下水道長寿命化計画

下水道整備の進展にともない、多額の建設費を投じて戦後急速に普及した下水道管路施設(以下、管路施設という)の延長は全国で約46万kmにものぼります。一般的な下水環境のもとで適切な維持管理が行われている場合、管路施設の標準的な耐用年数は50年とされており、今後、維持管理や改築・更新の時期がピークを迎えます。近年では管路施設の老朽化などに起因した道路陥没が増加傾向にあり、平成25年度には全国で約3,500箇所もの陥没事故が発生しています。

管路施設は水道、電気、ガスなどのライフラインとは異なり、被災時に同等の機能を代替する手段がありません。
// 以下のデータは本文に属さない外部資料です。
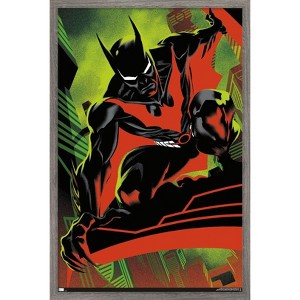 Trends International DC Comics - Batman Beyond  - #37 Variant Framed Wall Poster Prints - 1 of 4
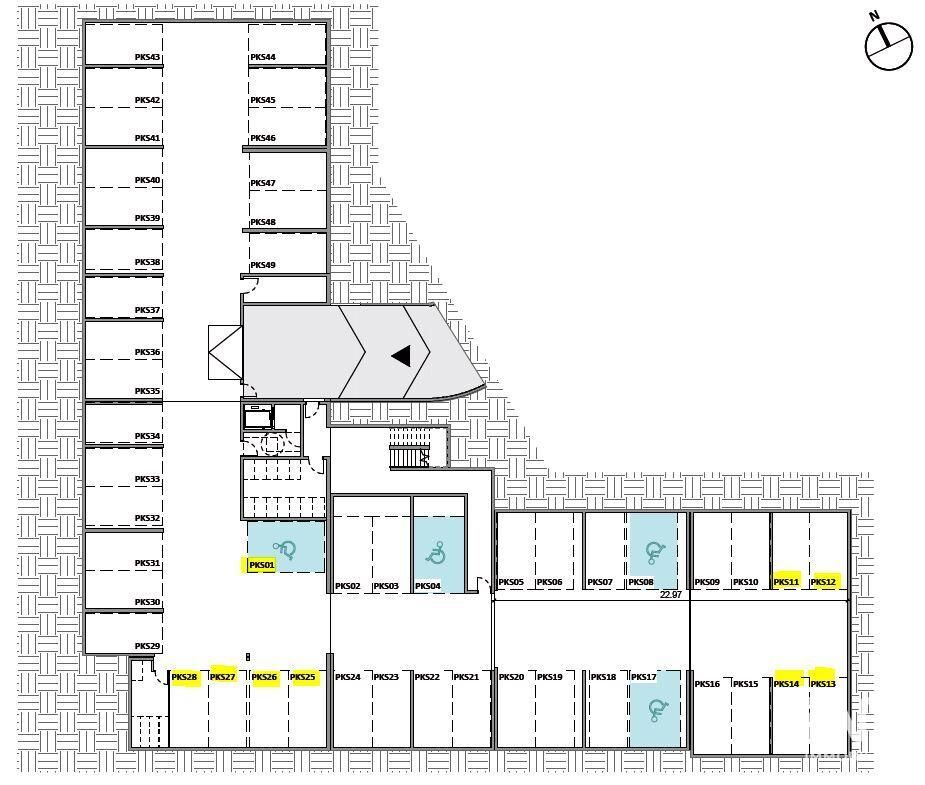 Vente Parking 13 m² - Photo 2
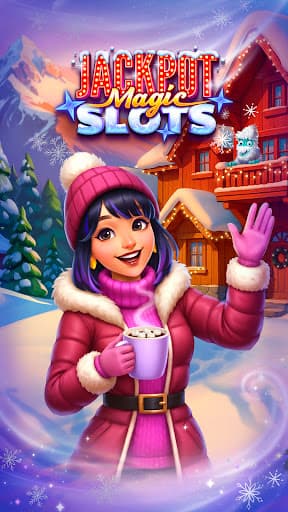 Jackpot Magic - Casino Slots screenshot 1 - screenshot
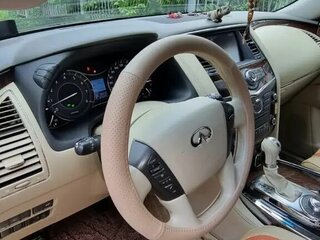 2012 Infiniti QX56 II, чёрный, 2800000 рублей, вид 5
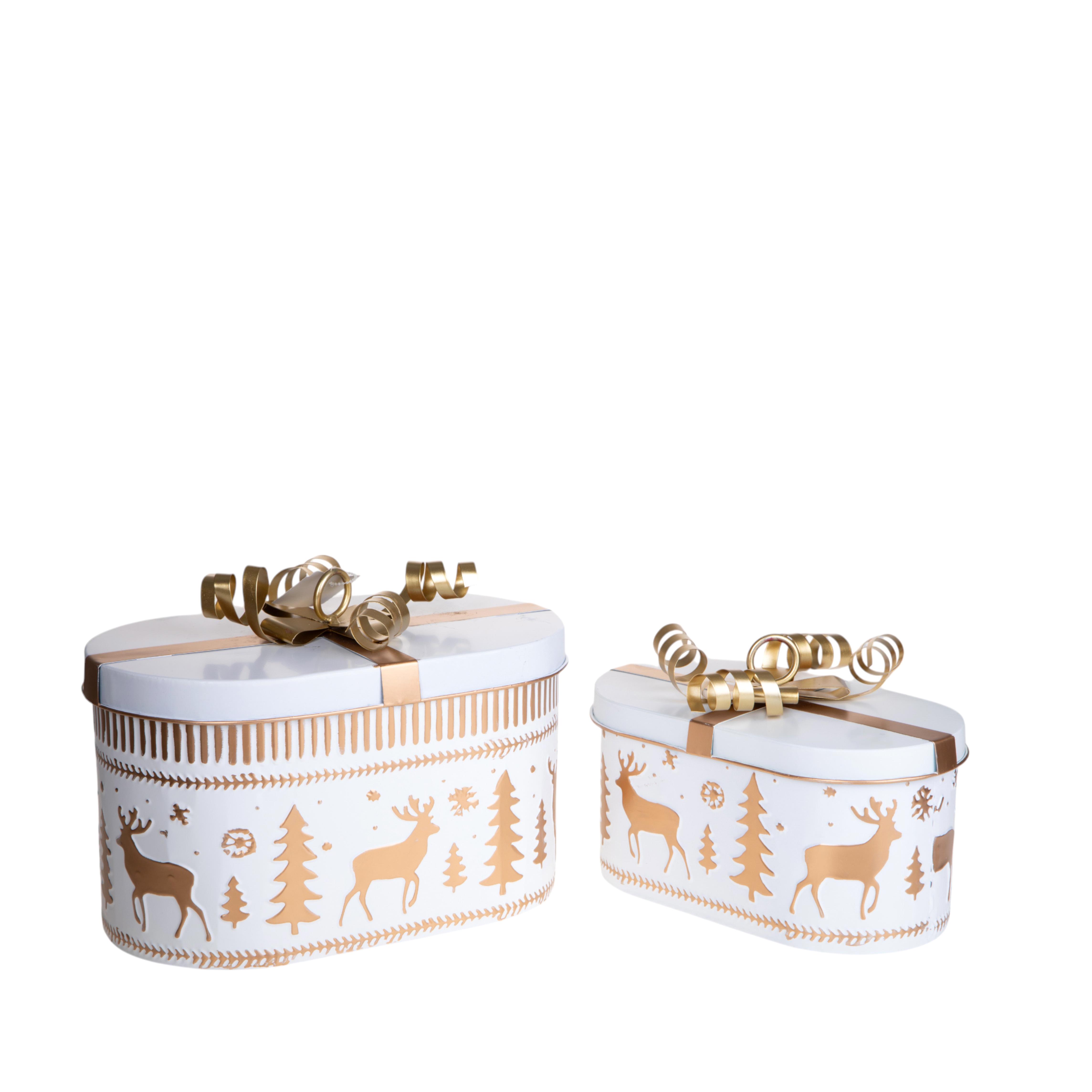 SET/2 32XH.23 CM SCATOLE REGALO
道路陥没などの被災が生じた場合、公衆衛生面での問題や交通障害の発生ばかりか、機能停止によって水洗トイレが使用できなくなるなど、住民の健康や日常生活、社会活動に重大かつ深刻な影響を及ぼす恐れがあります。また、被災が生じてから改築工事を行った場合、コスト的にも膨大な事業費が必要となり非常に不経済です。
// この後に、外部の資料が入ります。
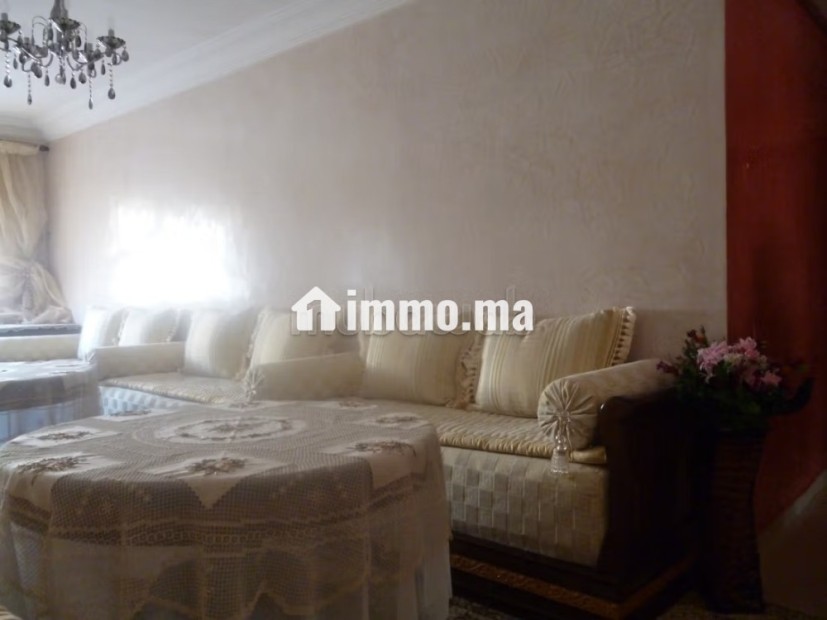 À Vendre: Appartement 62 m² – Sidi Moumen, Lotissement El Houda Casablanca - Vente Immobilier - Casablanca - photo 2
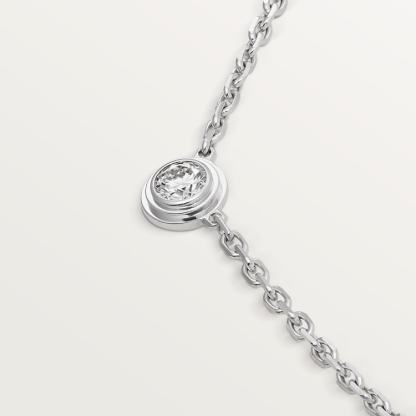 CARTIER D'AMOUR NECKLACE XS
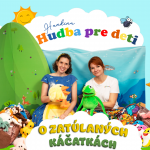 Promo obrazok Predstavenie Hankina Hudba pre deti ESTE MENSIE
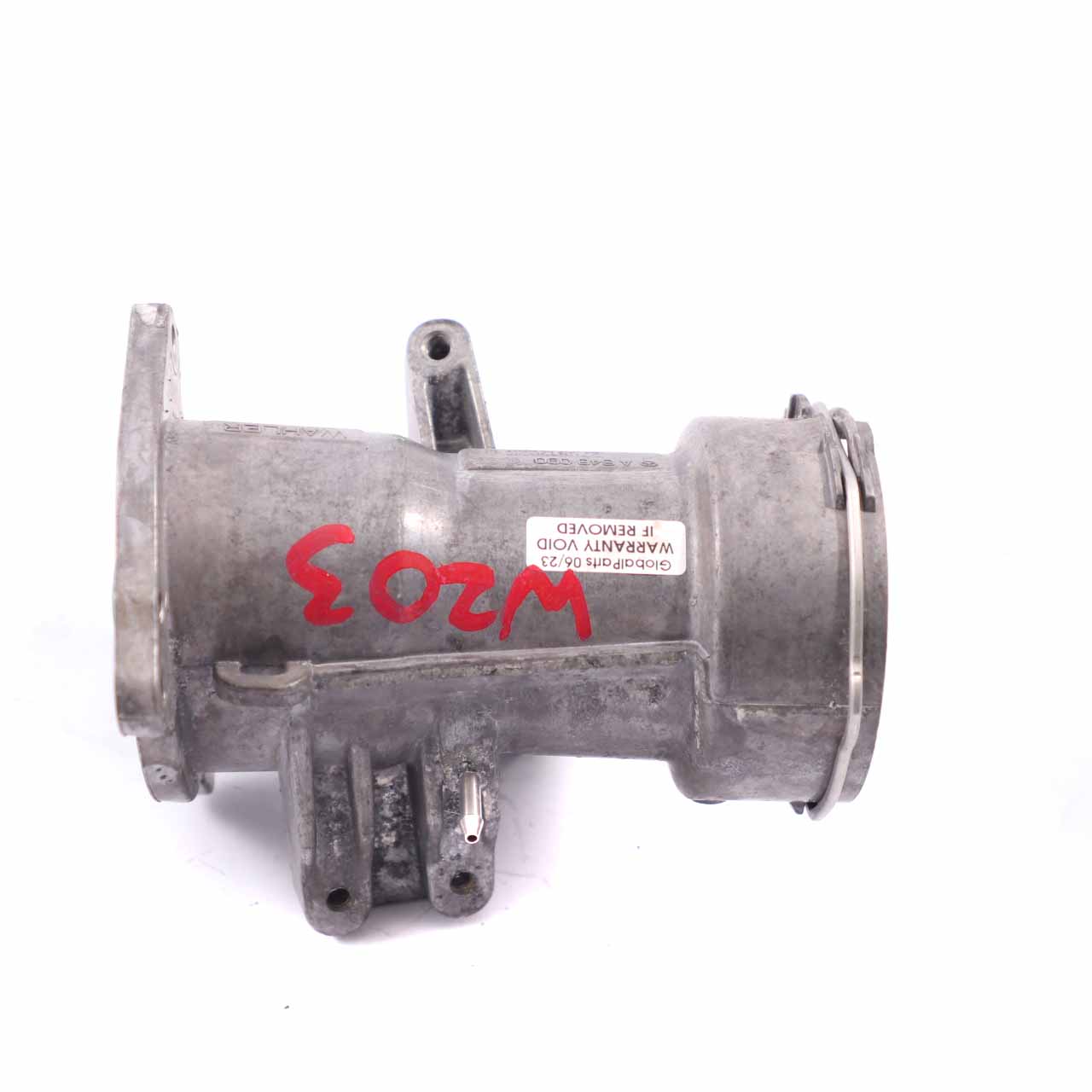 EGR Valve Mercedes W203 W209 Diesel OM646 Exhaust Gas Recirculation A6460900054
こうしたなか平成20年度に従来の改築・更新の考え方に長寿命化対策を加えた「下水道長寿命化支援制度」が創設され、下水道長寿命化計画に位置づけられた予防保全対策を講じなければ、下水道長寿命化計画の策定や点検調査に要する費用について、国の補助を受けられなくなりました。下水道長寿命化計画は、限られた財源のなか管路施設の予防保全的な対策を計画的に講じることにより、既存の管路施設の耐用年数を延伸させて、費用(ライフサイクルコスト)を最小限に抑えるとともに道路陥没などの事故を未然に防止することを目的としています。下水道長寿命化計画の策定においては、管路施設の状況やコストの比較によって総合的な評価を行い、改築・更新と長寿命化のどちらで対策するかを決定する必要があるため、管内テレビカメラ調査などの点検調査から得られる破損や腐食状況などの情報を蓄積し、劣化の要因を分析することが重要です。

参考文献
・下水道長寿命化支援制度に関する手引き(案),国土交通省,平成21年6月
・下水道施設のストックマネジメント手法に関する手引き(案),国土交通省,平成23年9月
・ストックマネジメント手法を踏まえた下水道長寿命化計画策定に関する手引き(案),国土交通省,平成25年9月

(2015年11月10日 初稿)

English

Long term control plan for sewer system

定義

下水道管路施設の点検調査を行い、劣化状況などから総合的な評価を行うことにより、予防保全的な対策を講じて、既存の管路施設の耐用年数を延伸させることです。